Developments around the US economy, revival of activity in Europe amid rising Covid-19 infections, improving economic data, positive earnings expectations and healthy pick up in daily inoculations were considered to be key market driving factors this week.

Last Friday, the BSE Sensex vaulted above the 58,000-mark, while the Nifty50 touched 17,300 points as investors cheered recovery in the economy.

Monday Closing bell: Market continues winning streak; banks and financials underperform

The Nifty50 had a gap up opening, but couldn’t build upon the early gains. The index traded in a narrow range throughout the day and consolidated its gains. During the second half, markets continued to trade on a positive note on the back of strong global cues and domestic economic activity. The Sensex was up 0.29% at 58,296.91, and the Nifty was up 0.31% at 17,377.80.

Bank Nifty closed with losses, ending 0.5% lower at 36,592 points, while Nifty Financial Services closed 0.3% lower at 18,077 points. Shares of IndusInd Bank fell 1.13% as the top laggard, followed by Kotak Mahindra Bank, and HDFC Bank.

Tuesday Closing bell: Market ends in red, banks, financials continue to lose

The Nifty50 had a cautious start on Tuesday, around levels of 17,400. All sectoral indices opened in the green, except for Nifty Bank. Domestic indices reached fresh all-time highs but failed to hold gains and ended the day with marginal losses.
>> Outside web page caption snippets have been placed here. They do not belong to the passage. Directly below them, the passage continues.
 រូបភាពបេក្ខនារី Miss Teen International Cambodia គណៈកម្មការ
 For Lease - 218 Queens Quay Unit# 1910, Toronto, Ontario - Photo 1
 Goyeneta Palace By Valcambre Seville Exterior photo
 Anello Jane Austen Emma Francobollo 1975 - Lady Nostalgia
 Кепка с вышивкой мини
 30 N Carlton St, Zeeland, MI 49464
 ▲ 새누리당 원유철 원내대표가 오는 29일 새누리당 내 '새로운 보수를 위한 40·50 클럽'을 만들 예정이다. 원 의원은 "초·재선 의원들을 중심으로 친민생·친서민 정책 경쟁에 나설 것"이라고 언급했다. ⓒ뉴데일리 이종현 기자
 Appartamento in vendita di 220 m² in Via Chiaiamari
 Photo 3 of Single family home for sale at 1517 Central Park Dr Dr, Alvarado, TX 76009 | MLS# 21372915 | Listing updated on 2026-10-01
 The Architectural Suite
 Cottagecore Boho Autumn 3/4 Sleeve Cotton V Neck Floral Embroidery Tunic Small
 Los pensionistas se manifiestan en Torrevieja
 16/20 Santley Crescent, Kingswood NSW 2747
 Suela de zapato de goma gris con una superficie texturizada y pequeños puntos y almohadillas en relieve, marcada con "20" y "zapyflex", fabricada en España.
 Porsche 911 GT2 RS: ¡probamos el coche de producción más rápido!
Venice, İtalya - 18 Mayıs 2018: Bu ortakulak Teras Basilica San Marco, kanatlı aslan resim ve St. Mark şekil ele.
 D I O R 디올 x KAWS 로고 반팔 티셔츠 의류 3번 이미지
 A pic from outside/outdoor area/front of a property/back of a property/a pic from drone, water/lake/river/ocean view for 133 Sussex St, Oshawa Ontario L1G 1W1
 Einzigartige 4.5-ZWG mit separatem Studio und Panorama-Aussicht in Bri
The Sensex closed at 58279.48 points, down 0.03%, while Nifty closed at 17362.10, down 0.09%.

Bank Nifty ended the 0.34% lower at 36,468 while Nifty Financial Services closed at 18,102 gaining 0.15%. Axis bank was among the top Nifty Losers while HDFC and IndusInd Bank were among the top gainers.

Wednesday Closing bell : Indices tad down; banks, financials among top gainers

Domestic equity indices rebounded from lows in the dying hour of trade to end flat with a negative bias, with mid and smallcaps outperforming the benchmarks. The Sensex and Nifty both ended flat, down 0.05% each at 58,250.26 points and 17,353.50 points, respectively.

Among sectors, Nifty Bank, private bank, PSU bank and financial services rose about a percent each. Bank Nifty gained 0.82% to end at 36,768, while Nifty Financial Services gained 0.57% closing at 18,207. Kotak Mahindra Bank jumped 3.5% to be the top index gainer.

Thursday Closing bell: Market closes on positive note; banks, financials underperform

Domestic indices started Thursday’s session on a flat note amid selling pressure seen in financial stocks. Sensex and Nifty both closed with a gain of 0.09%, higher at 58,305.07 and 17,369.25 respectively.

Nifty Bank ended in red at 36,683 down 0.23%, while Nifty Financial services closed at 18,160, down -0.26%. Kotak Bank and Bajaj Finserv were among top blue-chip performers. HDFC Bank, IndusInd Bank and SBI were among the volume toppers. Meanwhile, SBI Life, Axis Bank, Federal bank and Chola Invest were among the top losers.

Industry Key Takeaways

Tamilnad Mercantile Bank files IPO papers with SEBI
Private-sector lender Tamilnad Mercantile Bank has filed preliminary papers with Securities and Exchange Board of India to mop-up funds through an initial share-sale. The initial public offering (IPO) comprises fresh issue of 15,827,495 equity shares and an offer-for-sale of up to 12,505 equity shares by selling shareholders, according to the draft red herring prospectus (DRHP).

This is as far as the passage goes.